# TASK GOAL
Please print exactly the line containing "A margherita pizza" and every line after it to the end of the records below, and nothing more.

# EXERCISE MATERIALS
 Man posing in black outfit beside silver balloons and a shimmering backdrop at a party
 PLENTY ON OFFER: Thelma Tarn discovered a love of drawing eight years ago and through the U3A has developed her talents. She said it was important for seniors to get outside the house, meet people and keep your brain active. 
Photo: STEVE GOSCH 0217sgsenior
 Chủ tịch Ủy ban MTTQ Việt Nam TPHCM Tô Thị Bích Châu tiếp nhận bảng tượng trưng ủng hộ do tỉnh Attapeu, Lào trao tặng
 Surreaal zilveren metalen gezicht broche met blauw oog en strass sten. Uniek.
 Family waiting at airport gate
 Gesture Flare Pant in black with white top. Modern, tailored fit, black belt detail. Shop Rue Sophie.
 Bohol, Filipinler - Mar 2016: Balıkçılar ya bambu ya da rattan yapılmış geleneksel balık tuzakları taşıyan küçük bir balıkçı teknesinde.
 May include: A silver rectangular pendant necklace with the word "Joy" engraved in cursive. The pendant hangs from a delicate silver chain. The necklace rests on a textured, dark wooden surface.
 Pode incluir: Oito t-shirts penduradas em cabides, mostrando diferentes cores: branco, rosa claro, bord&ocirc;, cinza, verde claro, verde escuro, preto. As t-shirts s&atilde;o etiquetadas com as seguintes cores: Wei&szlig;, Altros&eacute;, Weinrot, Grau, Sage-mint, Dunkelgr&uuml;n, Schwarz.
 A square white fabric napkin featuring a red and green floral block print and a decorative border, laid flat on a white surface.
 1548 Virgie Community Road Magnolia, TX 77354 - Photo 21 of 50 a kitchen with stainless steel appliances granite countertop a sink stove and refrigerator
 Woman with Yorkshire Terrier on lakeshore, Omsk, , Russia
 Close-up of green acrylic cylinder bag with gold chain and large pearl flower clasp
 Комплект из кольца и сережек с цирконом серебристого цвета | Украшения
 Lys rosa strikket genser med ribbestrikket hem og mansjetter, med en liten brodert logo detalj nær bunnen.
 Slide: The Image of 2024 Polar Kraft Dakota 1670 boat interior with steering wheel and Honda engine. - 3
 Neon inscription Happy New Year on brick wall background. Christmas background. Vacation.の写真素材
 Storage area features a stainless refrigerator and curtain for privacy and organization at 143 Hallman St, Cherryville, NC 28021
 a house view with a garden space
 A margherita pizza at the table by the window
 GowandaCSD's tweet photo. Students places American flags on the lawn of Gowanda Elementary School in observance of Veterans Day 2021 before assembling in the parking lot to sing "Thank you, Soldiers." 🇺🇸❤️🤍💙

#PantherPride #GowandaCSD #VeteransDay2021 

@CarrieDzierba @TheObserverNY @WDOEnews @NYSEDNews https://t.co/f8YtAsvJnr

# YOUR SOLUTION
 A margherita pizza at the table by the window
 GowandaCSD's tweet photo. Students places American flags on the lawn of Gowanda Elementary School in observance of Veterans Day 2021 before assembling in the parking lot to sing "Thank you, Soldiers." 🇺🇸❤️🤍💙

#PantherPride #GowandaCSD #VeteransDay2021 

@CarrieDzierba @TheObserverNY @WDOEnews @NYSEDNews https://t.co/f8YtAsvJnr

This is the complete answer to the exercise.